A) Representative images of muscles 7 and 6 in the indicated genotypes. Larva were stained with anti-HRP (green). Scale bar = 50 µm. B) Mean number (+/−S.E.M.s) of synaptic boutons normalized to the surface area of muscle 6 at abdominal segment A3 in the indicated genotypes. From left to right, n = 6, 8, 6, 6, 7, 11, 11, respectively, for each genotype. One-way ANOVA and Fisher's LSD gave the following differences: For D42>S6K^Act vs. D42>PI3K-CAAX, p = 0.40; vs. D42>+, p = 0.0009. For D42>PI3K-CAAX vs. D42>PI3K-CAAX, Foxo, p = 0.64; vs. D42>PI3K-CAAX, S6K^DN, p = 0.05. C) Representative transmission electron micrographs of peripheral nerve cross sections. Axons are marked with arrows. Scale bar = 2 µm. D) Mean axon diameter (+/−S.E.M.s) of the five largest axons from five different nerves (25 measurements total) for the indicated genotypes. One-way ANOVA and Fisher's LSD gave the following significant differences: for D42>+: vs. D42>PI3K-CAAX, p<0.0001; vs, D42>PTEN, p<0.0001; vs. D42>S6K^DN, p = 0.0009; vs. D42>S6K^act, p<0.0001; vs. D42>PI3K-CAAX, Foxo, p<0.0001; vs D42>PI3K-CAAX, S6K^DN, p = 0.0011. For D42>PI3K-CAAX vs. D42>PI3K-CAAX, S6K^DN, p = 0.0002. Means from D42>PI3K-CAAX and D42>PI3K-CAAX, Foxo were judged to be not significantly different (p = 0.43).

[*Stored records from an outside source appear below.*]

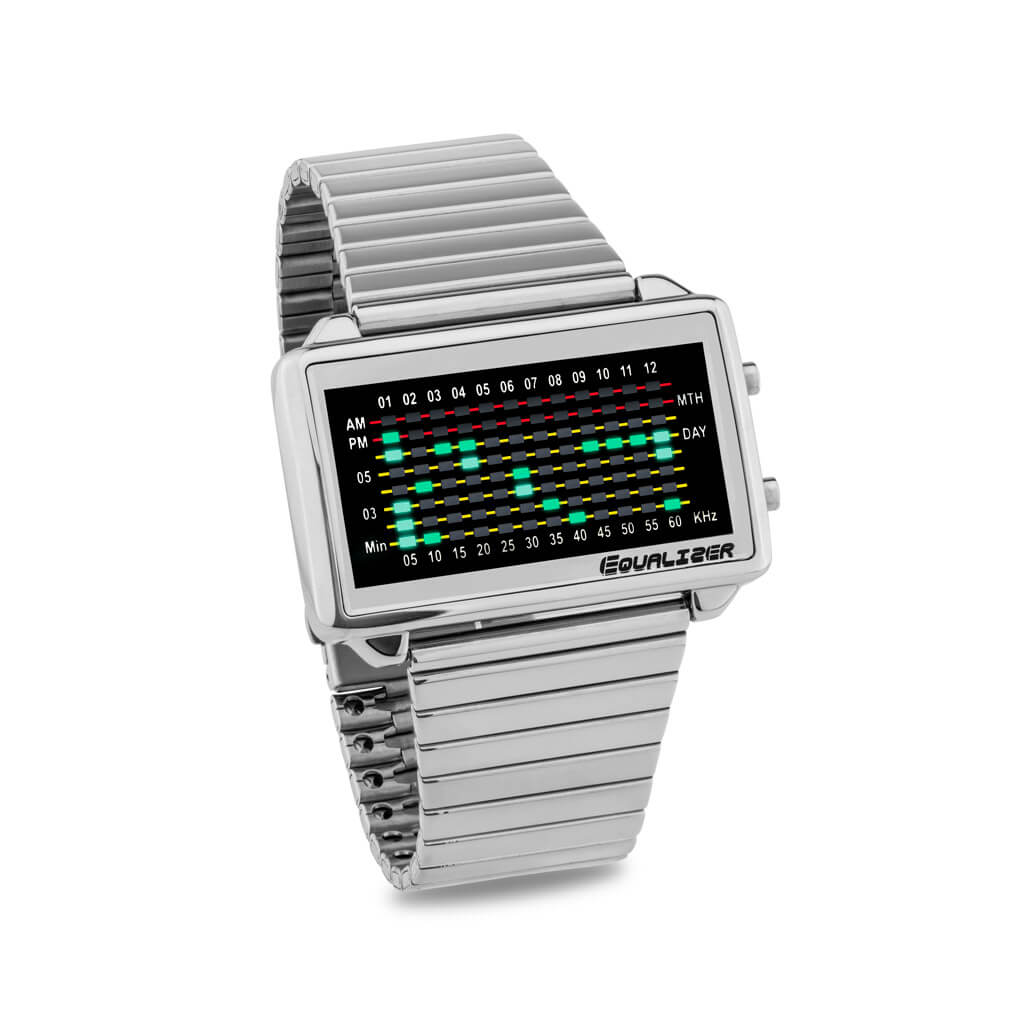 Equalizer Watch | Equalizer High Frequency | Tokyoflash Japan
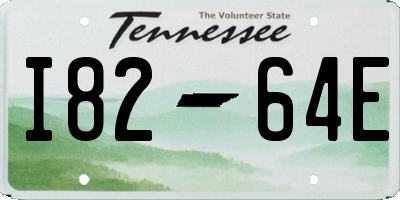 TN license plate I8264E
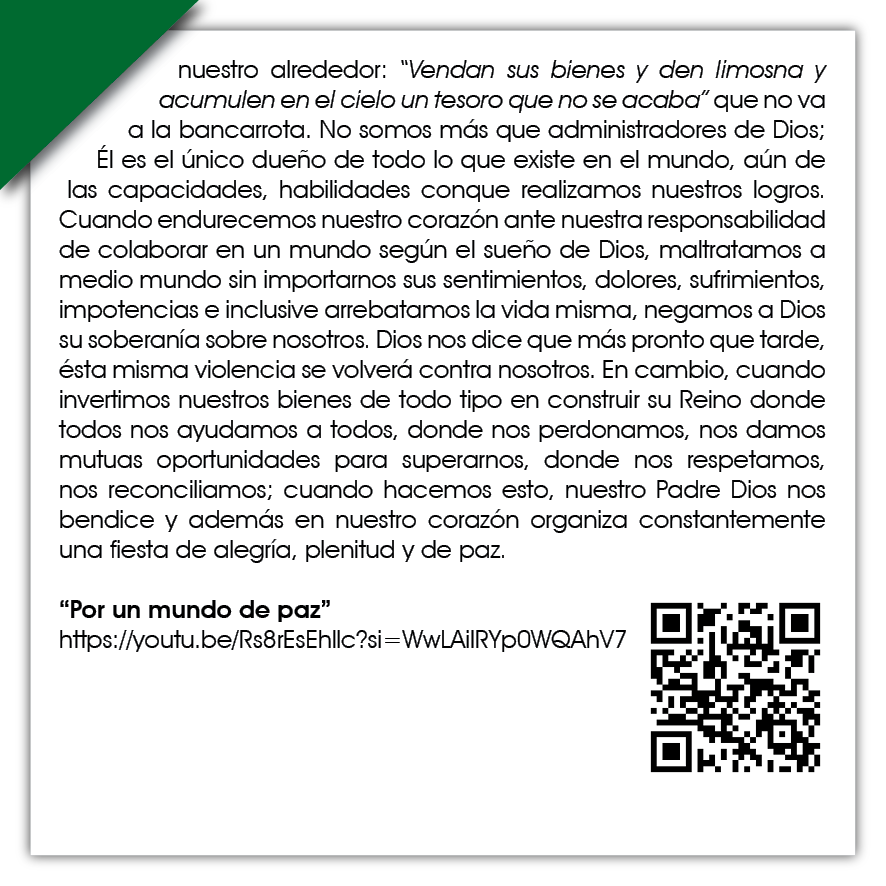SUMANDO POR LAS FAMILIAS 10 DE AGOSTO 20255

Figure 6. PI3K^DN expression suppresses the synaptic overgrowth conferred by motor neuron expression of eag^DN and Sh^DN.

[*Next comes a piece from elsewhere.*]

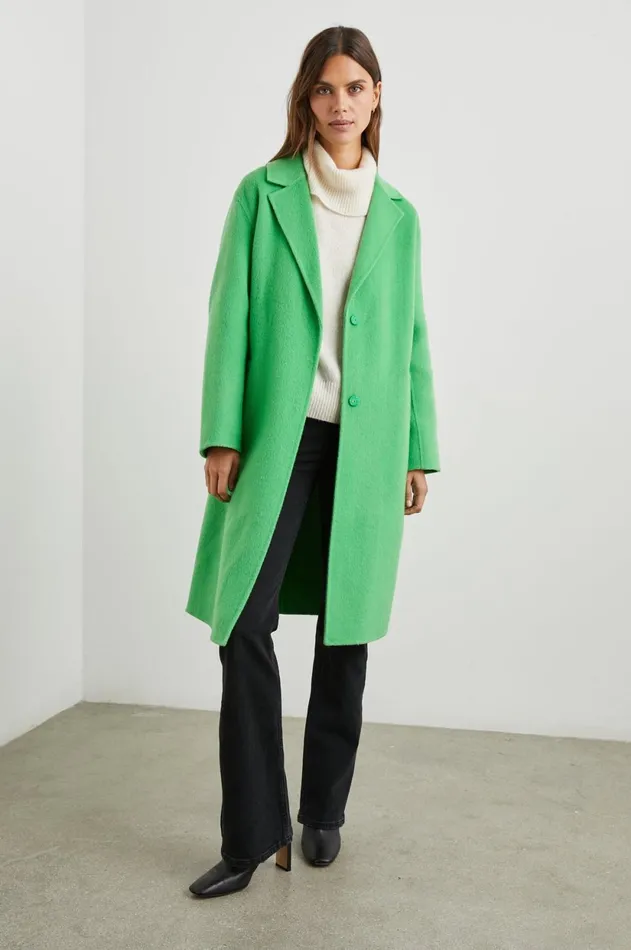 Jackets and Coats Women Rails Lore Coat Green Apple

The D42 Gal4 driver was used to induce motor neuron transgene expression. A) Representative confocal images of muscles 7 and 6 in the indicated genotypes. Larvae were stained with anti-HRP (green). Scale bar = 20 µm. B) Mean number (+/−S.E.M.s) of synaptic boutons normalized to the surface area (Y axis) of muscle 6 at abdominal segment A3 in the indicated genotypes (X axis). From top to bottom, n = 12, 6, 6 and 6 respectively, for each genotype. One-way ANOVA and Fisher's LSD gave the following differences: For D42>lacZ, eag^DN, Sh^DN vs. D42>+, p = 0.027; vs. D42>PI3K^DN, eag^DN, Sh^DN, p = 0.0075. For D42>PI3K^DN, eag^DN, Sh^DN vs. D42>PTEN, p = 0.86.

Figure 7. A model for the negative feedback loop regulating motor neuron excitability.

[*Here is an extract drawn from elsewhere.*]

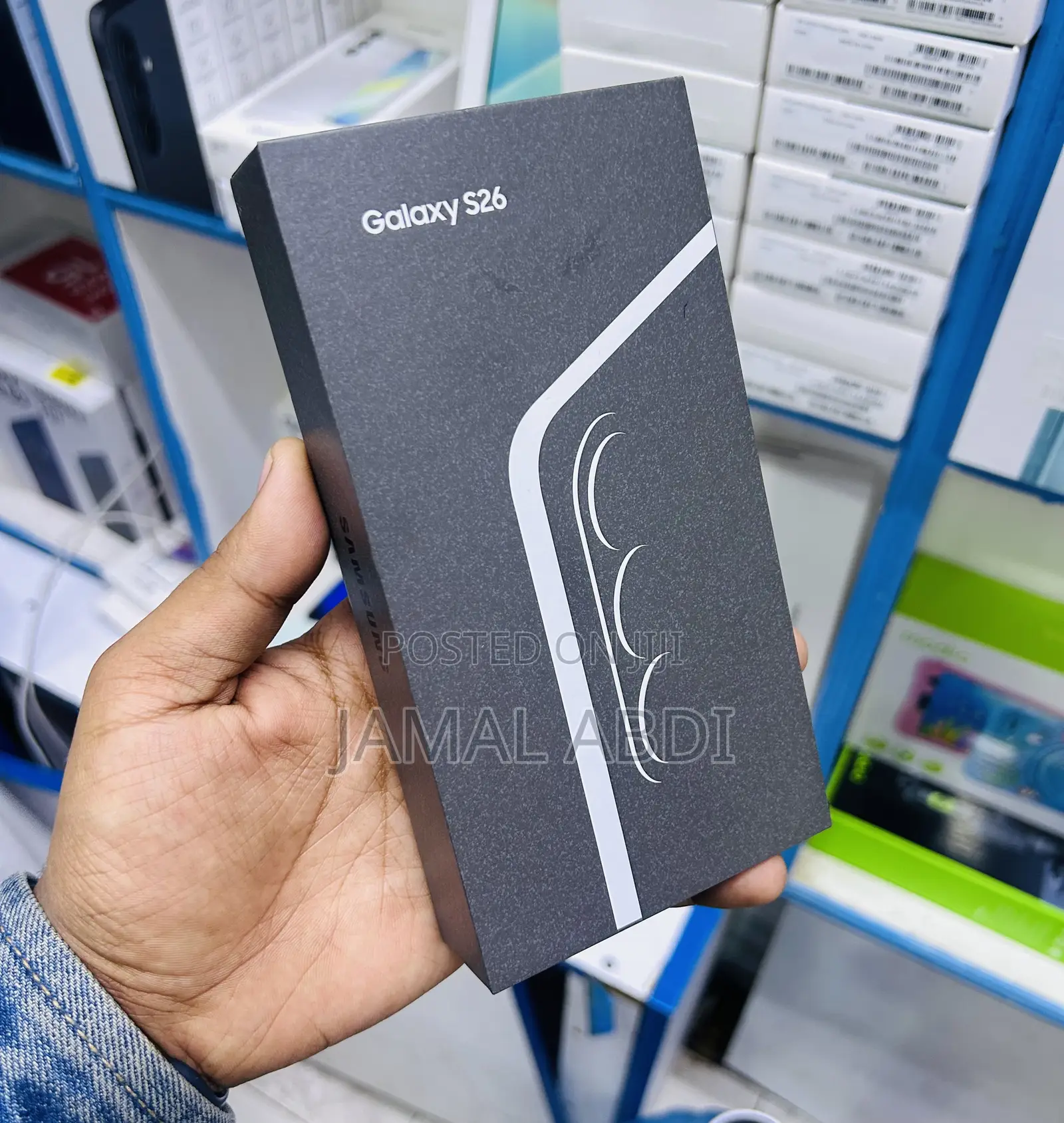New Samsung Galaxy s26 256 GB Black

The transcription factor Foxo increases neuronal excitability through a mechanism possibly involving transcription of ion channel subunits or regulators. This increased excitability promotes glutamate release from motor nerve terminals, which then activates presynaptic DmGluRA in an autocrine manner. This activation, in turn, activates PI3K and the subsequent inactivation of Foxo by Akt-mediated inhibitory phosphorylation. Activated PI3K also promotes axonal growth and synapse formation via the Tor/S6K pathway.